ACTION ITEM: Reproduce exactly, and only, the lines below from the one containing "Luna roose1 online show from 04/14/26, 12:43" through the one containing "REMAX ASHILL ÜSKÜDAR".

DATA TO USE:
○ ○ ○ ○

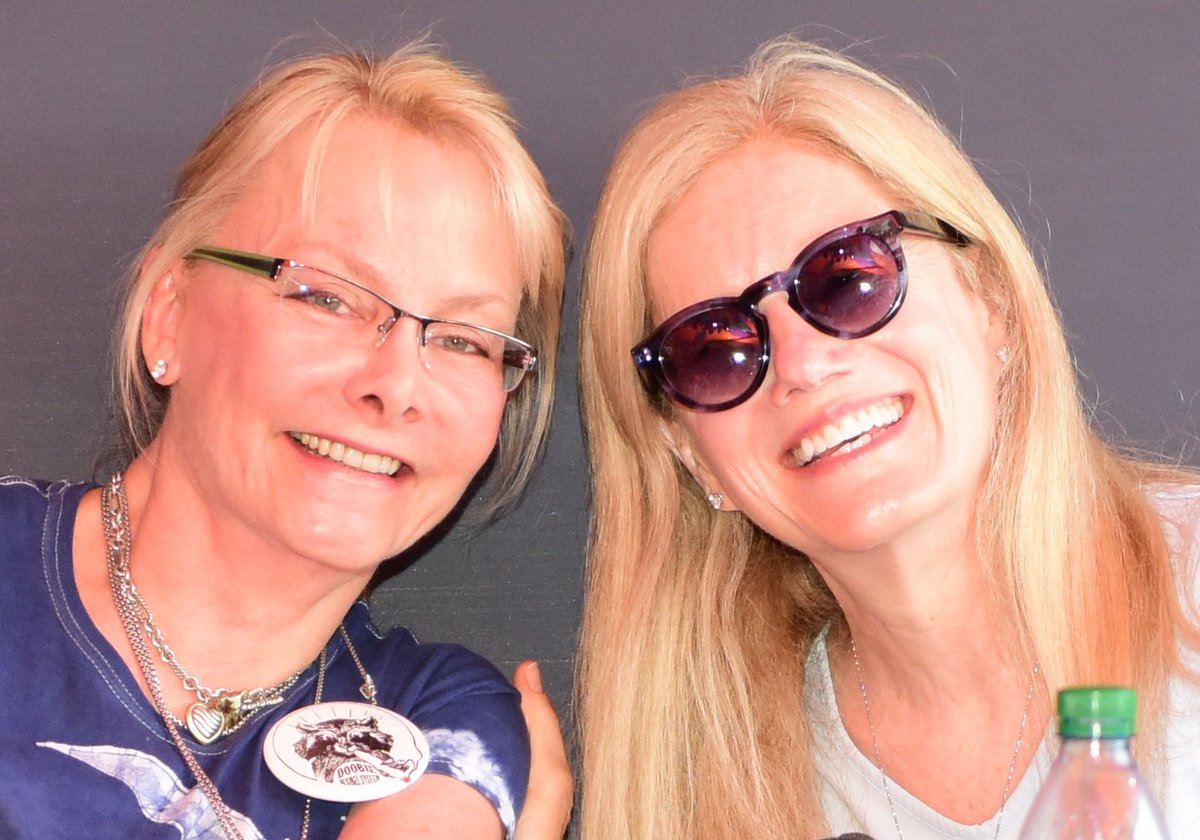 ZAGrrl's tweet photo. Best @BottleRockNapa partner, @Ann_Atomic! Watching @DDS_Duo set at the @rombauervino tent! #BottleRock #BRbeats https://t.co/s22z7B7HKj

○ ○ ○ ○

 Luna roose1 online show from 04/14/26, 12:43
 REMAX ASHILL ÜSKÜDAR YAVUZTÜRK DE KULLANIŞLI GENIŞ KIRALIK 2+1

○ ○ ○ ○

SOLUTION BELOW:
 Luna roose1 online show from 04/14/26, 12:43
 REMAX ASHILL ÜSKÜDAR YAVUZTÜRK DE KULLANIŞLI GENIŞ KIRALIK 2+1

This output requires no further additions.